A retention class is a named duration that can be used as the retention setting for an object. When an object is assigned to a retention class, the object cannot be deleted until the specified length of time past its creation date. For example, a retention class named HlthReg-107 could have a duration of 21 years. Objects assigned to that class then could not be deleted for 21 years after they were created.

For more information on retention classes, see Managing a Tenant and Its Namespaces or Managing the Default Tenant and Namespace.

Retention mode — A namespace can be created in either of two modes: enterprise or compliance. The retention mode determines which operations are allowed on objects that are under retention:

oIn enterprise mode, users and applications can delete objects under retention if they have explicit permission to do so. This is called privileged delete (see below).

Also, in enterprise mode, authorized administrative users can delete retention classes and shorten retention class durations.

oIn compliance mode, objects that are under retention cannot be deleted through any mechanism. Additionally, retention classes (see above) cannot be deleted, and retention class durations cannot be shortened.

Privileged delete — Some localities require that certain data be destroyed in response to changing circumstances. For example, companies may be required to destroy particular information about employees who leave.
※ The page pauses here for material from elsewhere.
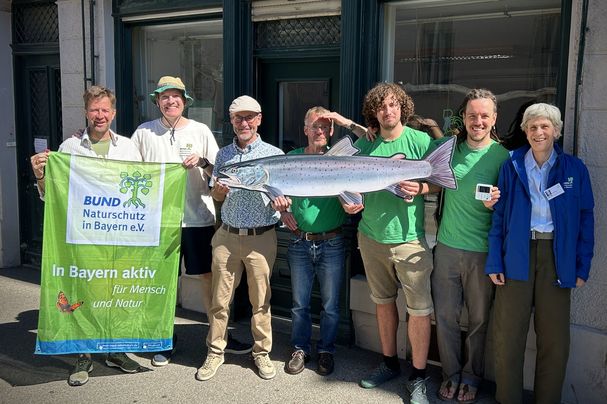 In KW35 werbend für die KG Augsburg unterwegs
Privileged delete is an HCP feature that enables authorized users to delete objects even if they are under retention. This feature is available only in namespaces that are in enterprise mode. In compliance mode, objects can never be deleted while they are under retention.

When performing a privileged delete operation, the user is required to specify a reason for the deletion. HCP logs each privileged delete operations along with its specified reason, thereby creating an audit trail.

For more information on privileged delete, see Managing a Tenant and Its Namespaces or Managing the Default Tenant and Namespace.

Retention hold — To support legal discovery, users and applications can place a hold on selected objects. While an object is on hold, it cannot be deleted through any mechanism, regardless of its retention setting.

For more information on retention hold, see Using a Namespace or Using the Default Namespace.

© 2015, 2019 Hitachi Vantara Corporation. All rights reserved.

Storage usage optimization


HCP uses these features to reclaim and balance storage capacity:

Compression service — The compression service makes more efficient use of HCP storage by compressing object data, thereby freeing space for storing more objects.

For more information on the compression service, see Compression service.

Duplicate elimination service — A repository can contain multiple objects that have identical data but different metadata. When the duplicate elimination service finds such objects, it merges their data to free storage space occupied by all but one of the objects.

For more information on the duplicate elimination service, see Duplicate elimination service.

Disposition service — The disposition service automatically deletes objects with expired retention periods. To be eligible for disposition, an object must have a retention setting that’s either a date in the past or a retention class with automatic deletion enabled and a calculated expiration date in the past.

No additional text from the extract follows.